Sialadenitiden bei Granulomatose mit Polyangiitis

Granulomatosis with Polyangiitis of the Major Salivary Glands
Mustafa Kurucay
,
Jan Ole Werner
,
Hans Bösmüller
,
Sorin Dumitru Ioanoviciu
,
Joerg Henes
,
Marius Horger
Further Information

Publication History

Publication Date:
06 March 2017 (online)

Die Granulomatose mit Polyangiitis (GPA) (früher: Morbus Wegener) ist eine autoimmune granulomatöse Vaskulitis. Die klassische Symptomtrias besteht aus einer Beteiligung der oberen und unteren Atemwege sowie einer Glomerulonephritis. Selten ist eine Manifestation in den großen Speicheldrüsen, die im Rahmen einer generalisierten Erkrankung oder isoliert befallen sein können. Insbesondere im letzteren Falle ist die Kenntnis dieser Differenzialdiagnose der Sialadenitis von Bedeutung, da bei einer Fehldiagnose und -therapie von einem fulminanten Krankheitsverlauf ausgegangen werden kann.

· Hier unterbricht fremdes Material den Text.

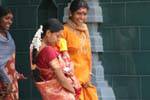 Women at the exit of prayer in Tamil temple, Matale, Sri Lanka Ceylon.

Bei der Granulomatose mit Polyangiitis handelt es sich um eine Anti-Neutrophile cyctoplasmatische Antikörper (ANCA)-assoziierte Autoimmunerkrankung, die mit einer aseptisch-nekrotisierenden Vaskulitis kleiner und mittlerer Gefäße einhergeht.

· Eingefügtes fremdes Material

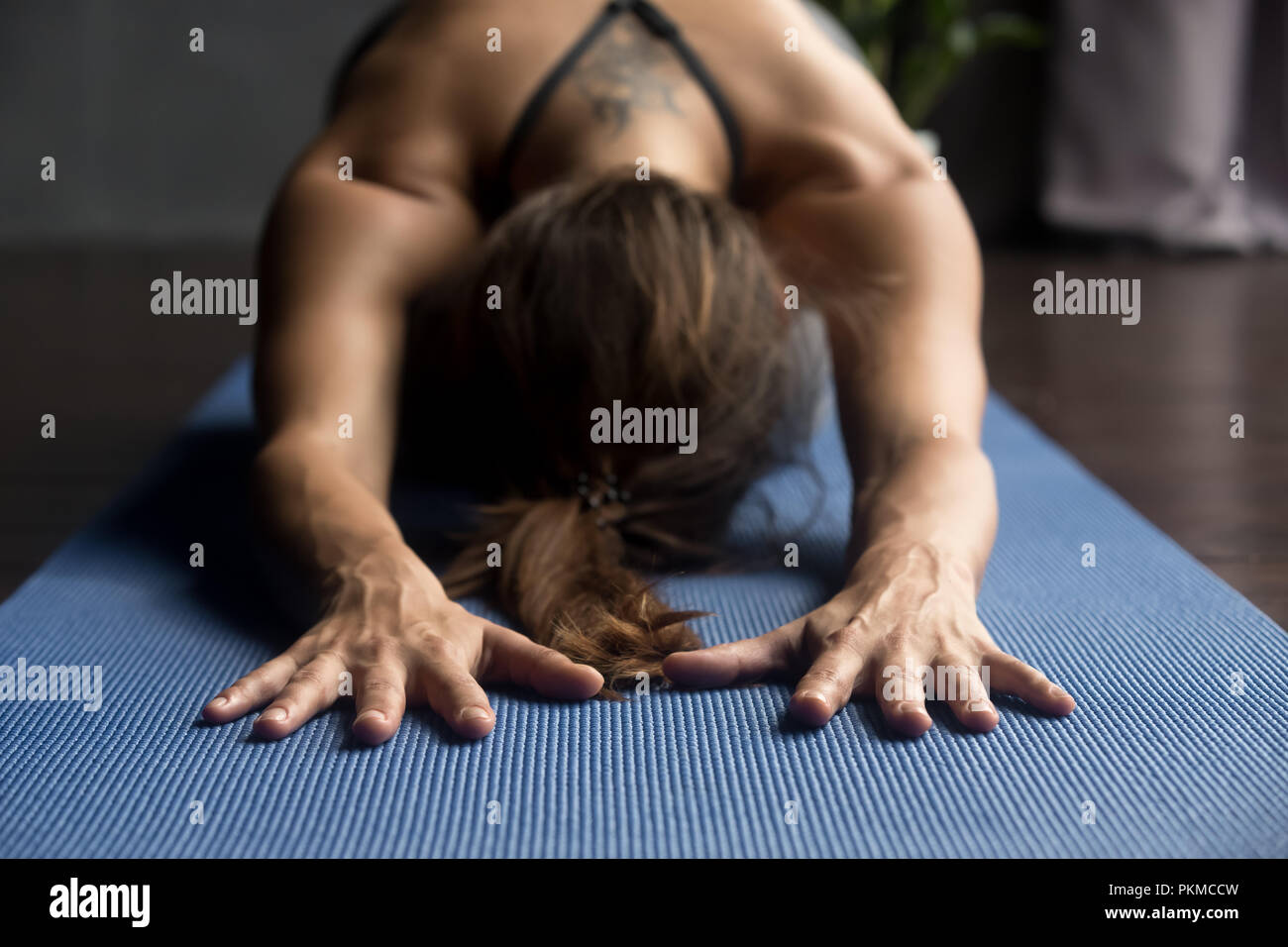 Young sporty woman in Balasana pose, close up view Stock Photo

Die Ätiologie ist weitgehend unbekannt. Typischerweise treten Symptome im oberen und unteren Respirationstrakt auf, wie z. B. Schleimhautulzerationen, blutig-putride chronische Rhinitiden, Nasendeformationen (Sattelnase, Septumdeviation), pulmonale Infiltrate, Rundherde sowie Kavernen und folglich Husten/Hämoptysen. Im Verlauf kann bei einer Nierenbeteiligung eine Glomerulonephritis auftreten. Ein schweres Krankheitsgefühl und eine B-Symptomatik werden häufig beobachtet. Seltenere Manifestationsorte sind Organe wie Augen, Gelenke, Perikard und ZNS. Die Diagnose wird durch die Kombination klinischer, laborchemischer und histopathologischer Befunde gesichert. Laborchemisch wird eine Erhöhung der ANCAs mit cytplasmatischem Fluoreszensmuster (c-ANCA) mit dem Zielantigen Proteinase 3 (PR-ANCAs) beobachtet, seltener finden sich auch perinukleäre (p)-ANCAs. Diese Antikörper gelten als pathognomonisch für die Wegener Granulomatose. Eine Erhöhung der unspezifischen Entzündungsparameter wie BSG, CRP oder Leukozytenzahl ist Ausdruck der chronischen Inflammation. Pathologische Urinanalysen und erhöhte Nierenretentionsparameter weisen auf eine Nierenbeteiligung hin. Histopathologisch wird die Erkrankung durch eine leukozytoklastische Vaskulitis kleiner und mittlerer Gefäße, Granulome und fokale Nekrosen charakterisiert. In Nierenbiopsien finden sich zudem postvaskulitische Mikroaneurysmata ([Abb. 1]).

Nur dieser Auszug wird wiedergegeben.